Why we need to remove carbon from the air

Chief Europe Correspondent
Illustration by Samson Awosan.

To avoid the most catastrophic impacts of climate change—and achieve a net-zero world—we need to not only reduce our emissions, but also remove residual carbon dioxide (CO2) from the air.

That part is clear. What’s less clear is how best to do it.

Enter carbon dioxide removal, or CDR, which refers to various methods of capturing carbon from the atmosphere and storing it for decades to millennia on land, in the ocean or in geological formations.

This week, we look at why CDR is important and the challenges the sector is facing. In an upcoming edition, we’ll look at the pros and cons of various carbon removal methods.

Scientists say CDR technologies are essential because the excess greenhouse gases, mostly CO2, we’ve already emitted into the atmosphere over the last 250 years need to eventually be removed to keep the global temperature increase between 1.5 and 2 degrees Celsius (the goal of the 2015 Paris Climate Agreement).

“There is no net zero without CDR: it puts the ‘net’ in net zero,” said Eve Tamme, managing director of Climate Principles, a climate policy advisory group based in the Netherlands. “CDR…needs to happen in addition to reducing emissions. It’s an ‘and and’ concept.”

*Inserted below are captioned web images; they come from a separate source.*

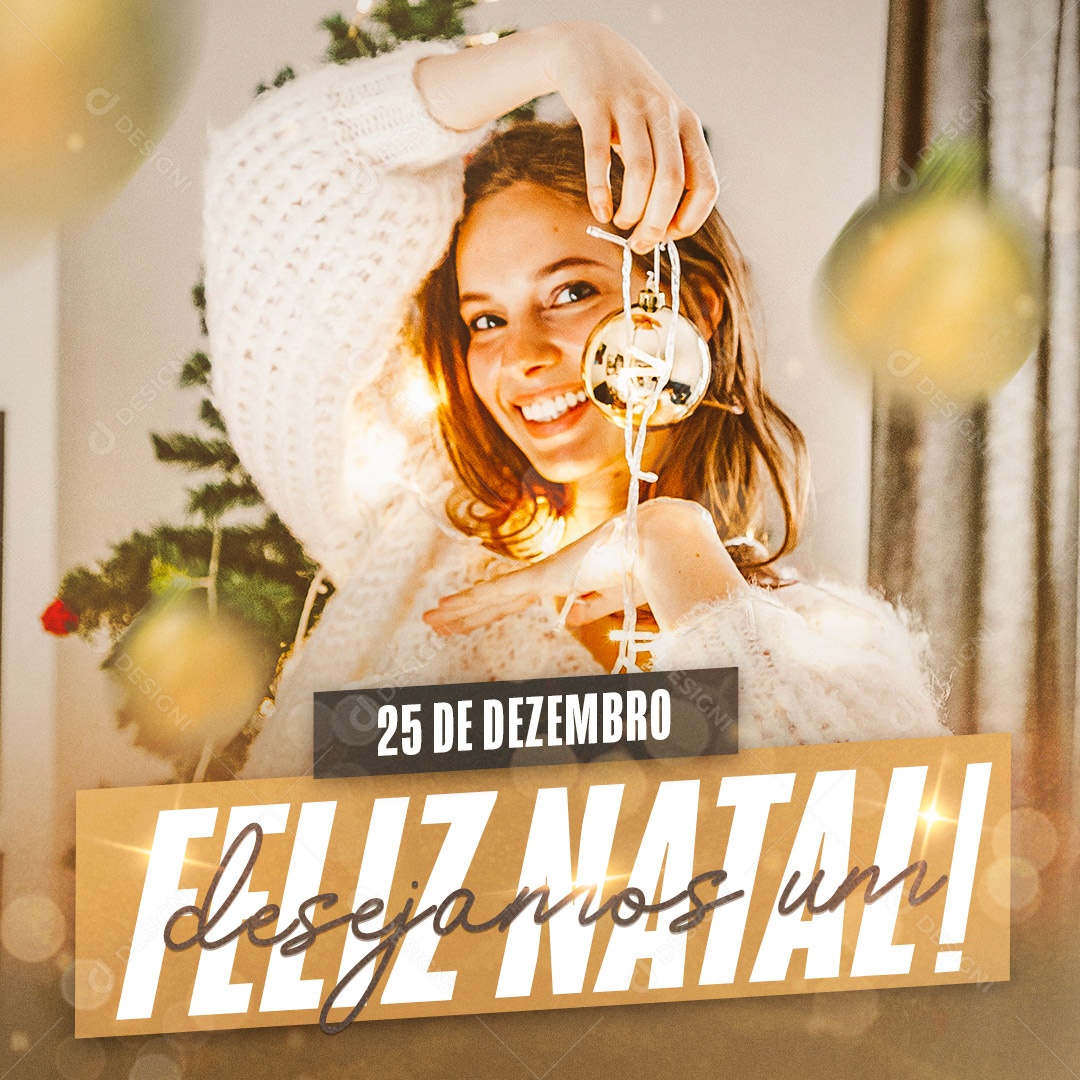 Post Feliz Natal 25 de Dezembro PSD Social Media PSD Editável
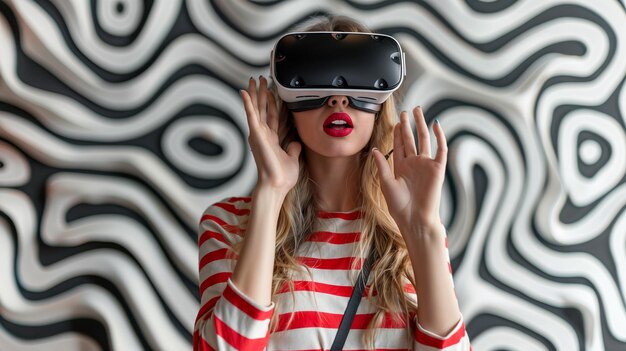 Foto mulher com óculos de realidade virtual conceito de tecnologia futura ai generative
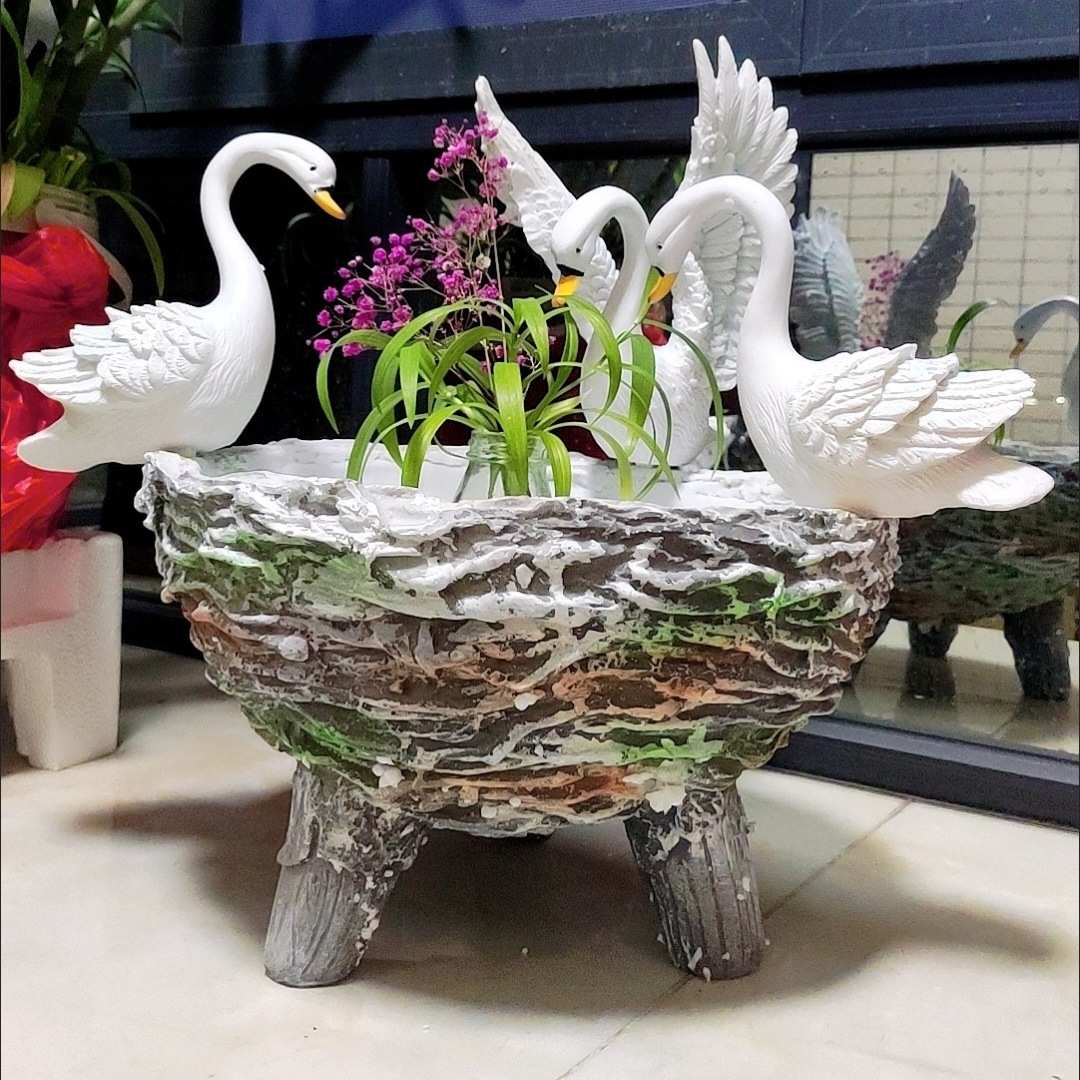 花园创意绿萝水培花盆藤条天鹅盆树脂工艺品庭院花园装饰造景摆件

CDR is also “unavoidable” in the short-term for emissions linked to hard-to-abate sectors like steel and cement, which are harder to decarbonize, United Nations scientists said last year in a major report. Vast amounts of CO2 will have to be captured in the medium and long-term as well to return the atmosphere to climate-safe levels.

Carbon removal methods vary in terms of how CO2 is extracted from the atmosphere, where the carbon is stored and for how long. They also vary on resource requirements, costs, hazards, development stages and price tags.

Some involve nudging nature to do what it has always done (nature-based solutions); others are novel technologies that have yet to be proven at scale (engineered solutions); and others are a mix of the two.

“Because it takes time to develop and scale-up, we need to be working on CDR technologies now so they can contribute by mid-century,” Howard Herzog, senior research engineer at the MIT Energy Initiative, said in June at a carbon removal summit in Switzerland organized by Climeworks, a major company in this field.

Speaking at the same event, Julio Friedmann, chief scientist at Carbon Direct, a carbon management firm, said he foresees these various CDR methods “competing for turf.”

“I am hoping we can all compete positively because we all know we have to grow everything at incredible speed and scale to get to where we need to go,” he said.

Today, the world emits about 36.6 billion metric tons of CO2 per year from fossil fuels and removes only about 2 billion metric tons annually, according to a report published early this year by scientists in Europe and the United States.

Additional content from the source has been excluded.